Repeat the span of the entries below that starts at the line with "I cut the flanges" and ends at the line with "Today I'm going to demonstrate", nothing more. Skip the pictures.

▸ INPUT RECORDS

+--

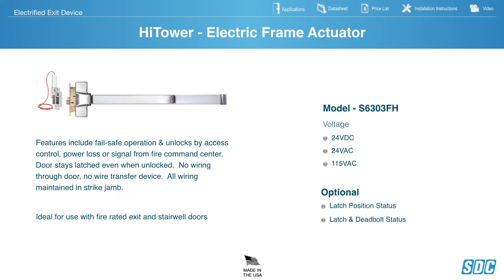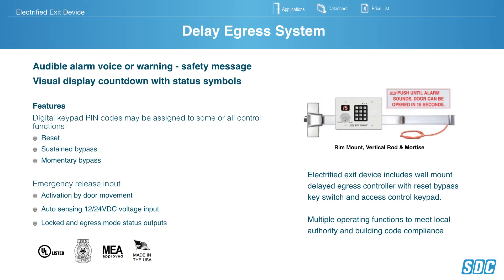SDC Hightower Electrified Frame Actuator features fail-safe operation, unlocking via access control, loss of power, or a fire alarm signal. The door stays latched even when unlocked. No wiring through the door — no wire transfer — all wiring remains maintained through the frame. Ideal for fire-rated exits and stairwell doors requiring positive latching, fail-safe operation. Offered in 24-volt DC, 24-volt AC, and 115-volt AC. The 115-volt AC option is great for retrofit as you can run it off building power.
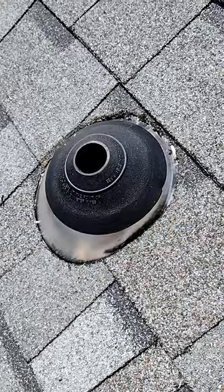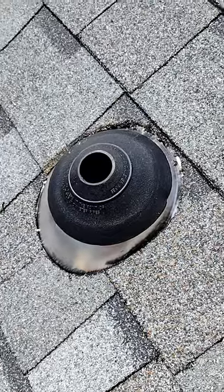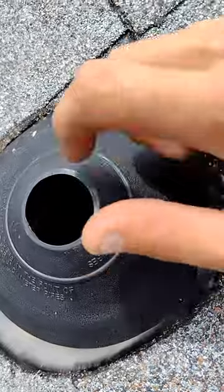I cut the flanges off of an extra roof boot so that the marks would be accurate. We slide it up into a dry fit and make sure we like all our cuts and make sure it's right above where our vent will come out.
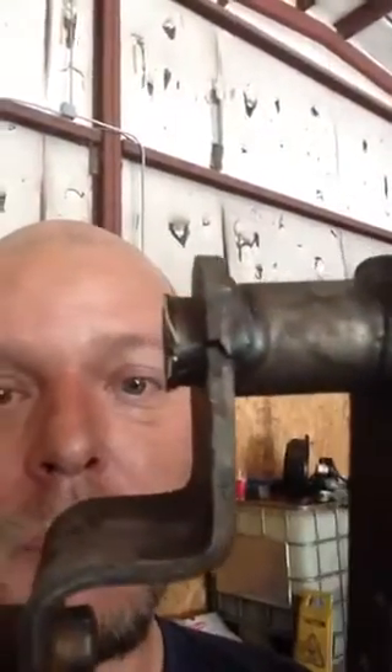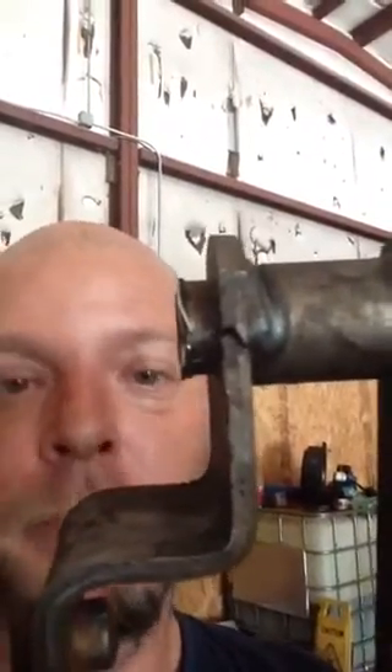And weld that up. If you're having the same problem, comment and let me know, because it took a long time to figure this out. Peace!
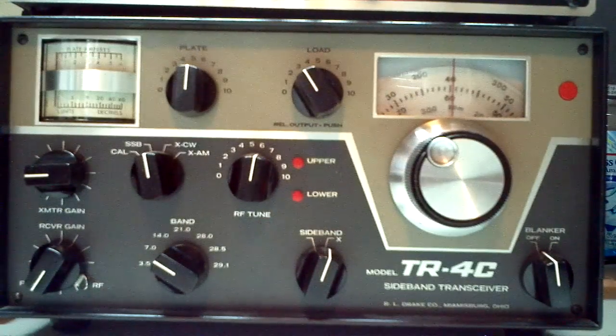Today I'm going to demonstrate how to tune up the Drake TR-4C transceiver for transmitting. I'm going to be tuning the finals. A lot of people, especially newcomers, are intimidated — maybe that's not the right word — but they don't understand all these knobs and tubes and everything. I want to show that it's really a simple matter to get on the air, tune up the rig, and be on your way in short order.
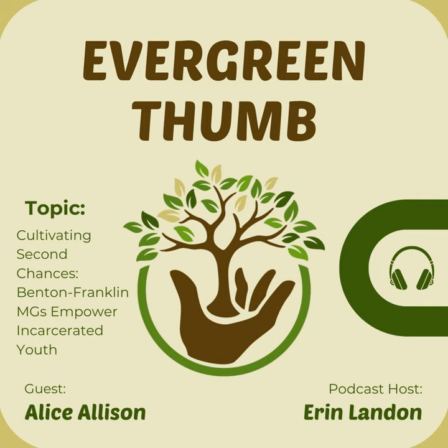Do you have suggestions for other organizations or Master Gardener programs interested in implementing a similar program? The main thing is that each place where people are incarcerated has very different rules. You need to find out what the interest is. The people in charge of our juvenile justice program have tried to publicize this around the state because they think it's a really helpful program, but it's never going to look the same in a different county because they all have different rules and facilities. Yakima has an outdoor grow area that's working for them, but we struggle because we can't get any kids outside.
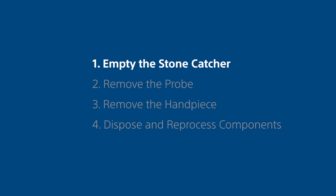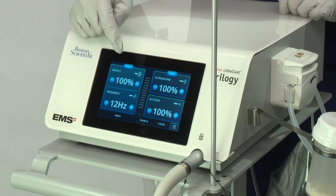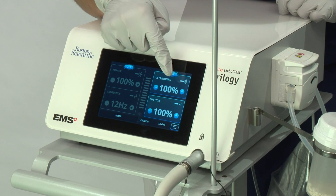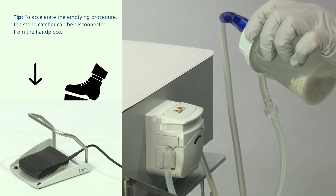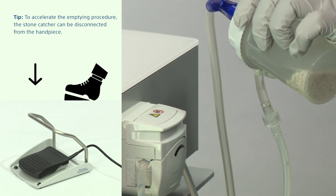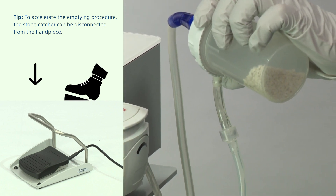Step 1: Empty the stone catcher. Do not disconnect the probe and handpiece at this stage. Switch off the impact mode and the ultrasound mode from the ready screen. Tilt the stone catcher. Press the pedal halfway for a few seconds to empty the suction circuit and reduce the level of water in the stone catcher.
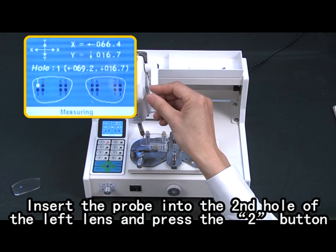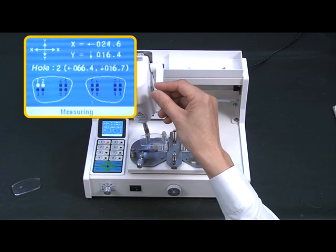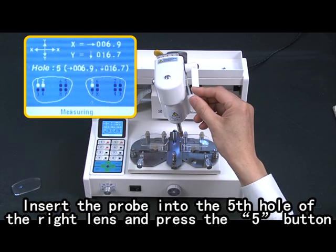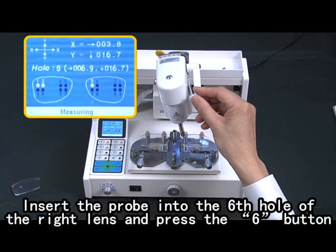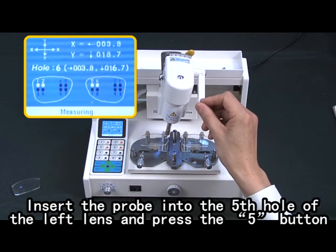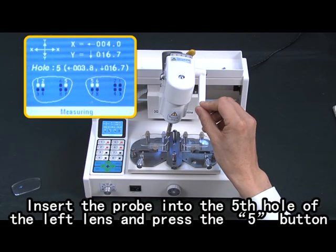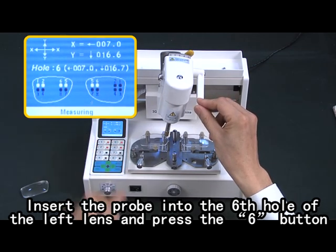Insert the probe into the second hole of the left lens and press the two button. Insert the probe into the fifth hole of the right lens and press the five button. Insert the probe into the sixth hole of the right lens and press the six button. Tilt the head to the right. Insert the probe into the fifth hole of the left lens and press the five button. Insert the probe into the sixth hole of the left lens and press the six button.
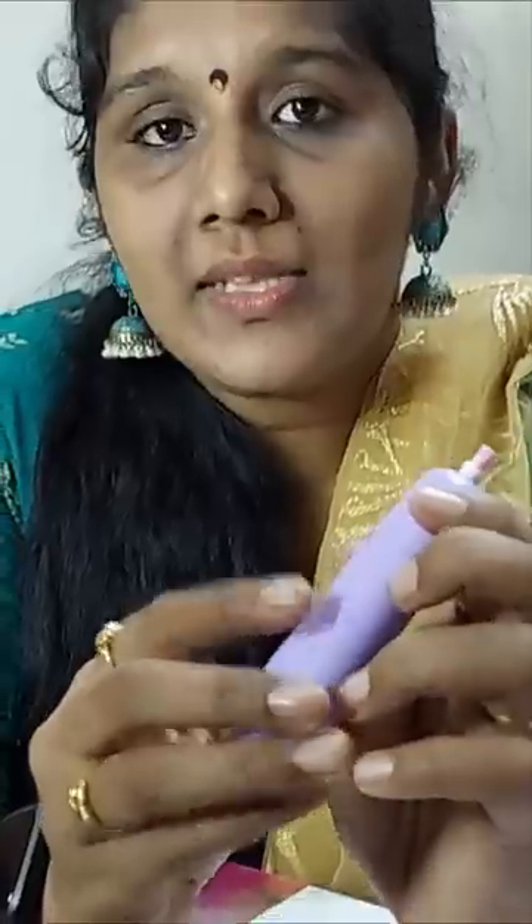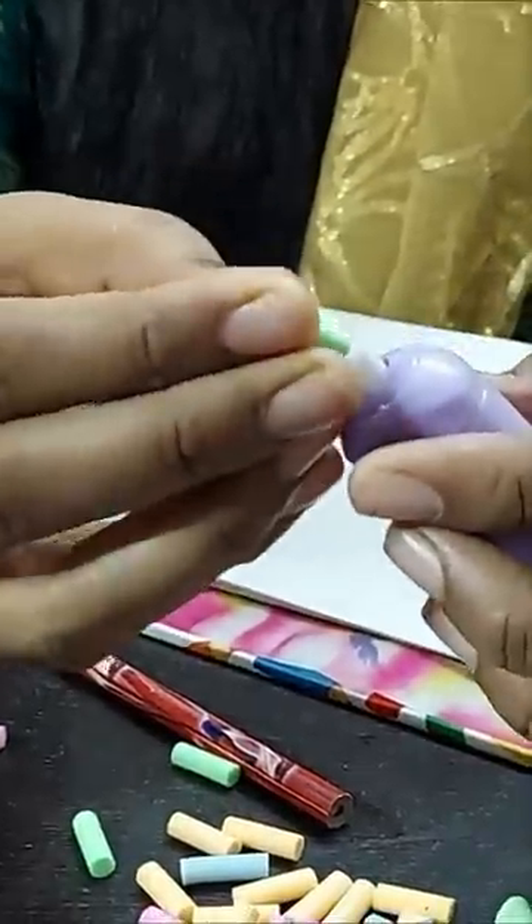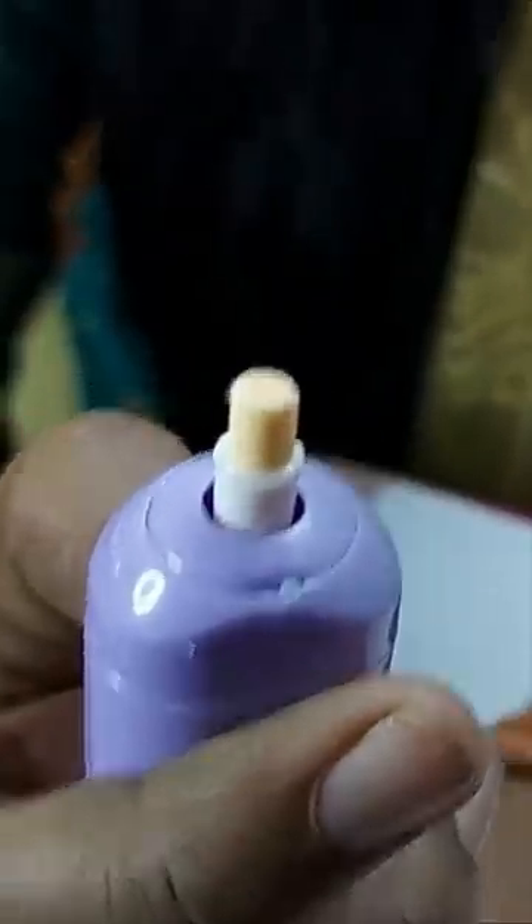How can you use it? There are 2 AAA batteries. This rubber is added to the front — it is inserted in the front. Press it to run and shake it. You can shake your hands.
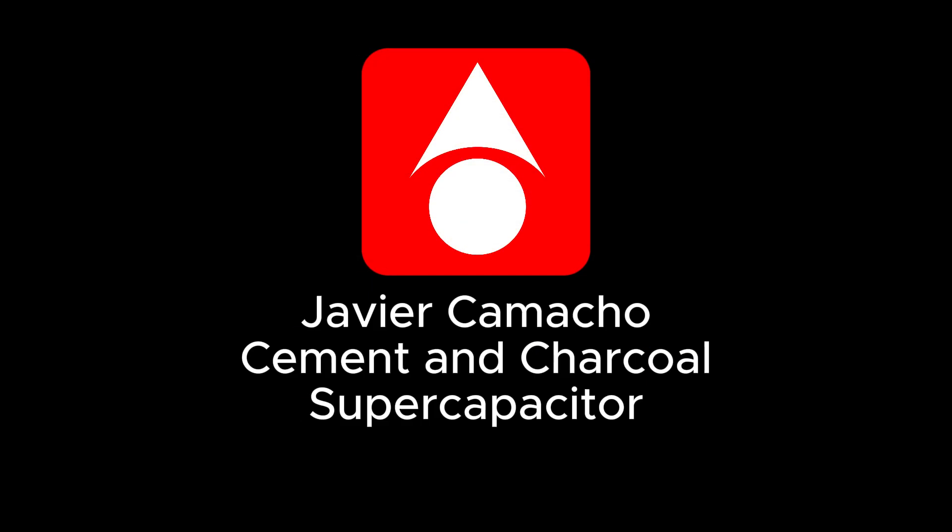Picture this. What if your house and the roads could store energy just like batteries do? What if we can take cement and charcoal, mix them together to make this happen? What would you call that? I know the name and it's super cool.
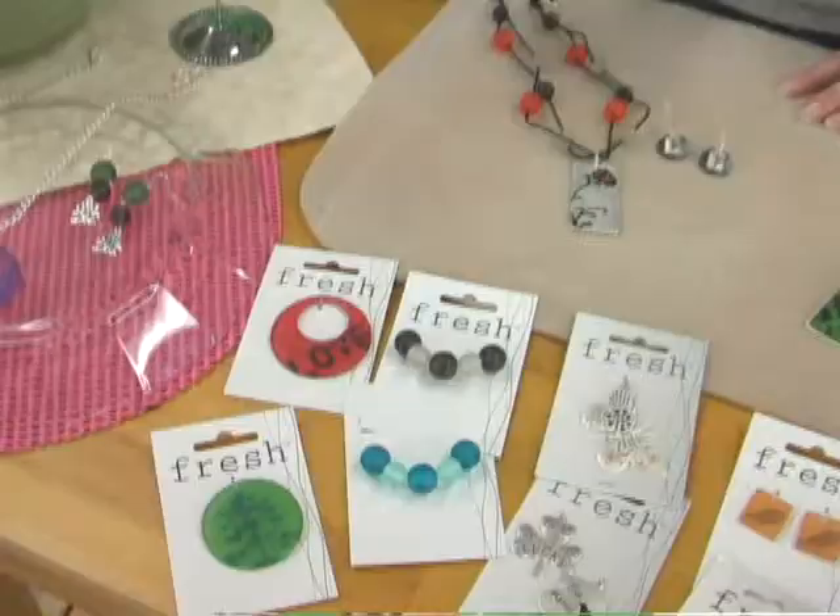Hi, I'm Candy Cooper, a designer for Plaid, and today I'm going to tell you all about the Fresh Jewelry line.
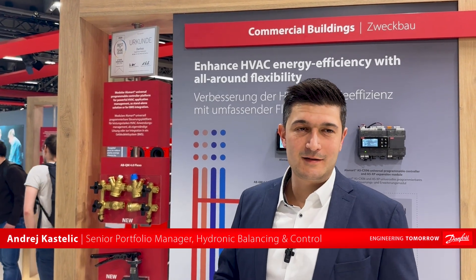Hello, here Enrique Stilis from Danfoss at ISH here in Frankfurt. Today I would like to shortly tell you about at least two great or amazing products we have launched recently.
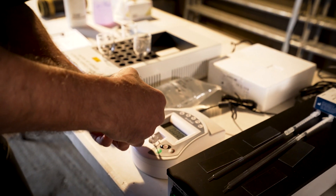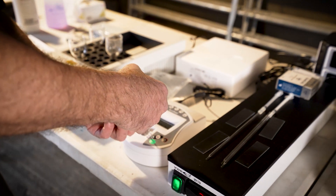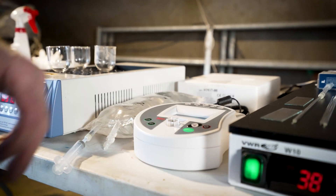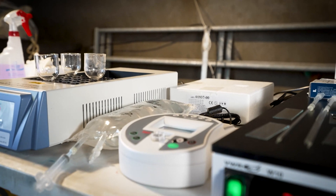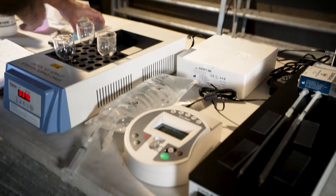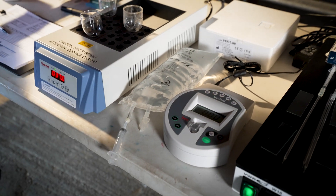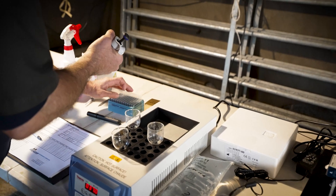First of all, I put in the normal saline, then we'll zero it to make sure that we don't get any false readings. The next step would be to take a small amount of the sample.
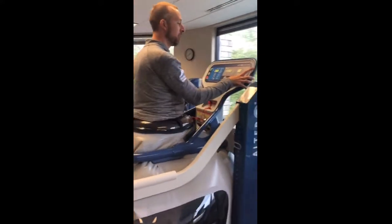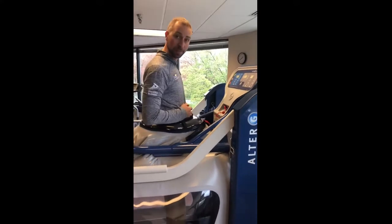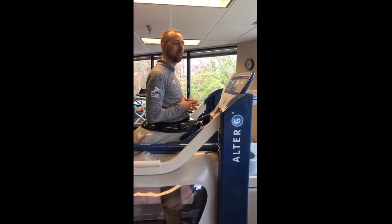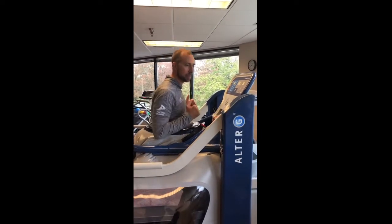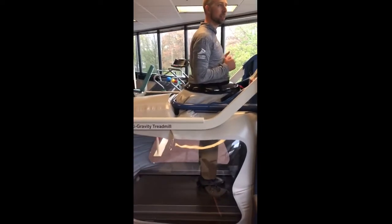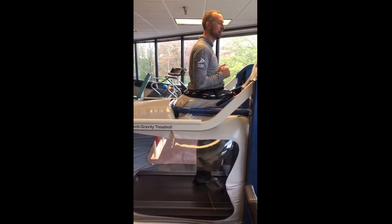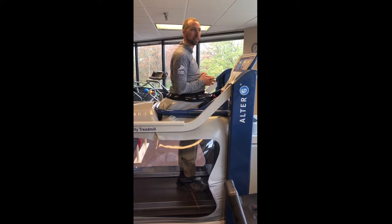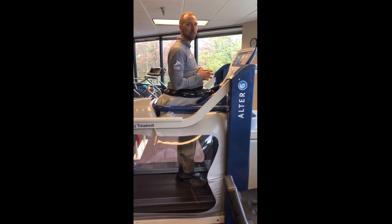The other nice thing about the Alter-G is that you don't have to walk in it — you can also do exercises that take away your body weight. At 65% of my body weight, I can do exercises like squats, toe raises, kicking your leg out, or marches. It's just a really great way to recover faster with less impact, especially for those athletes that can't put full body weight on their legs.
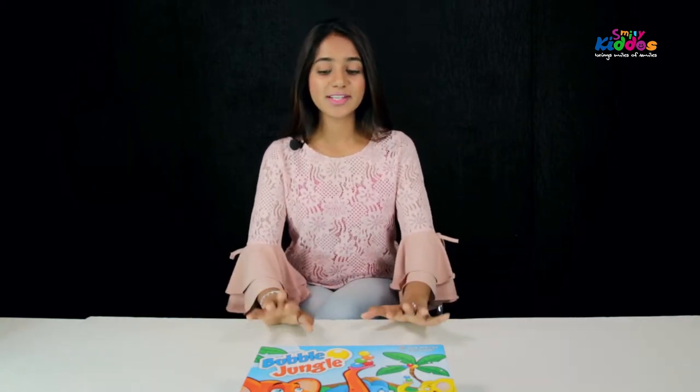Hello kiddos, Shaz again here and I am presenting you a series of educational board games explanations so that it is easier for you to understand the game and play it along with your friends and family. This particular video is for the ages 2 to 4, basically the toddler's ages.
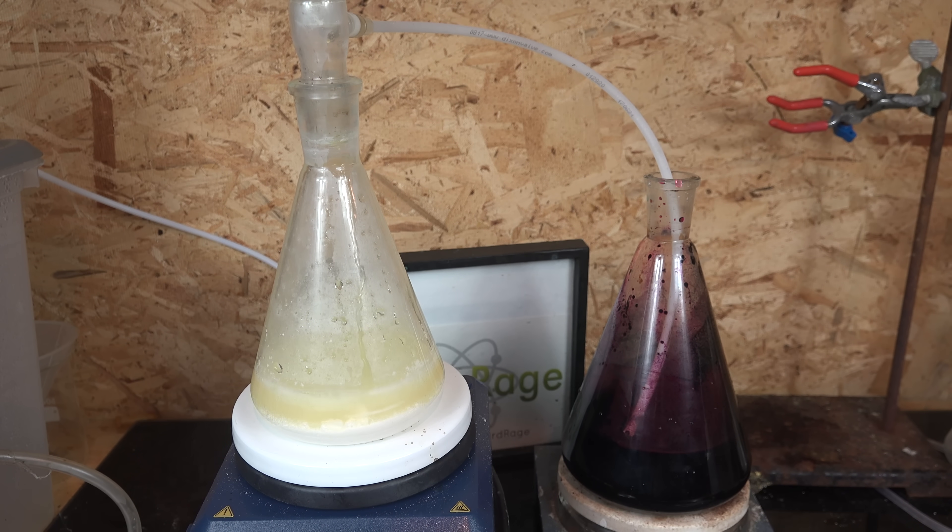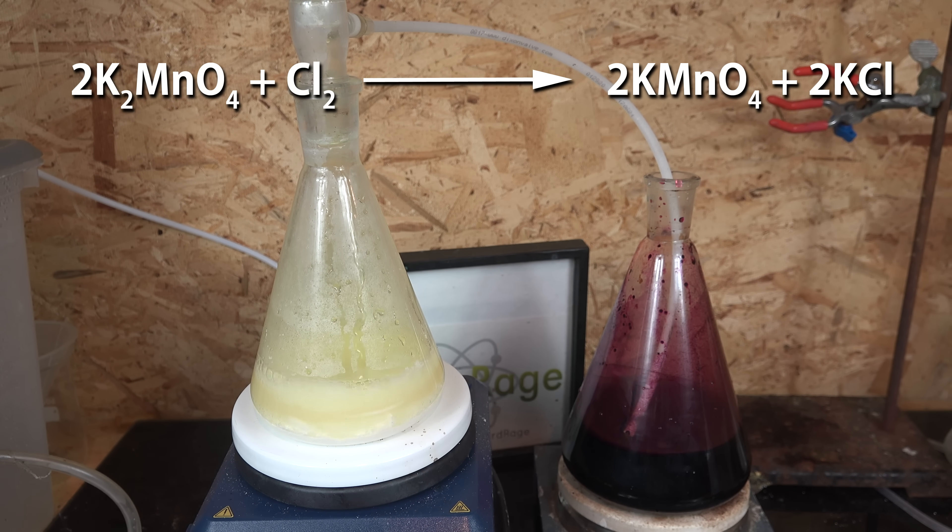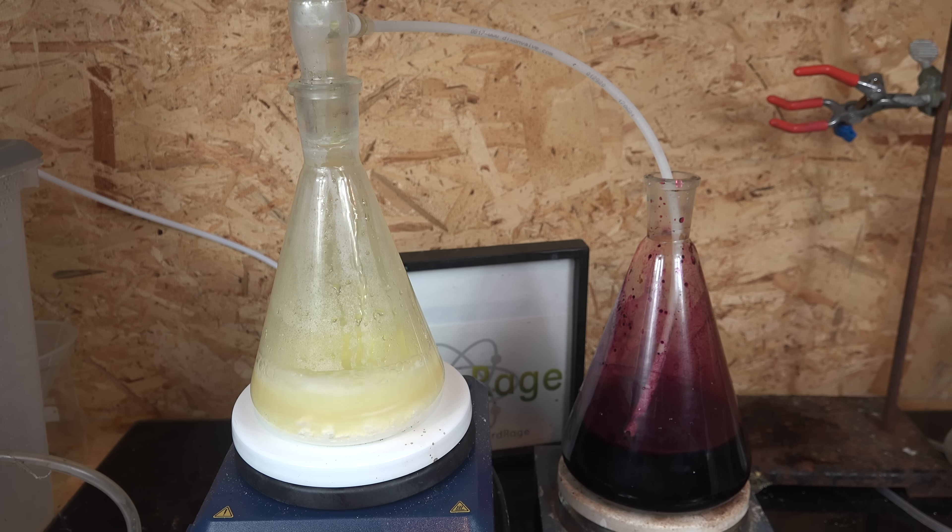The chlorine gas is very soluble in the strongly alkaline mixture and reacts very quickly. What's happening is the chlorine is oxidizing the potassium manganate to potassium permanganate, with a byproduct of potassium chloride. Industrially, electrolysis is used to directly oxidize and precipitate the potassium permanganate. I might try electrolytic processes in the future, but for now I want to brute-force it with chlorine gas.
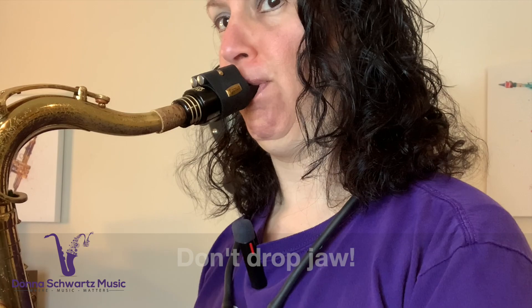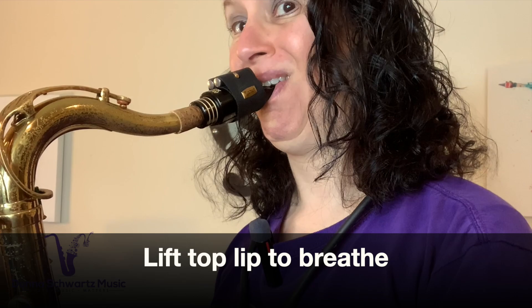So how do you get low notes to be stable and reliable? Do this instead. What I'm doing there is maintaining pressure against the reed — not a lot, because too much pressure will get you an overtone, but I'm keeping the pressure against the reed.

+--

▸ OUTPUT BELOW
I cut the flanges off of an extra roof boot so that the marks would be accurate. We slide it up into a dry fit and make sure we like all our cuts and make sure it's right above where our vent will come out.
And weld that up. If you're having the same problem, comment and let me know, because it took a long time to figure this out. Peace!
Today I'm going to demonstrate how to tune up the Drake TR-4C transceiver for transmitting. I'm going to be tuning the finals. A lot of people, especially newcomers, are intimidated — maybe that's not the right word — but they don't understand all these knobs and tubes and everything. I want to show that it's really a simple matter to get on the air, tune up the rig, and be on your way in short order.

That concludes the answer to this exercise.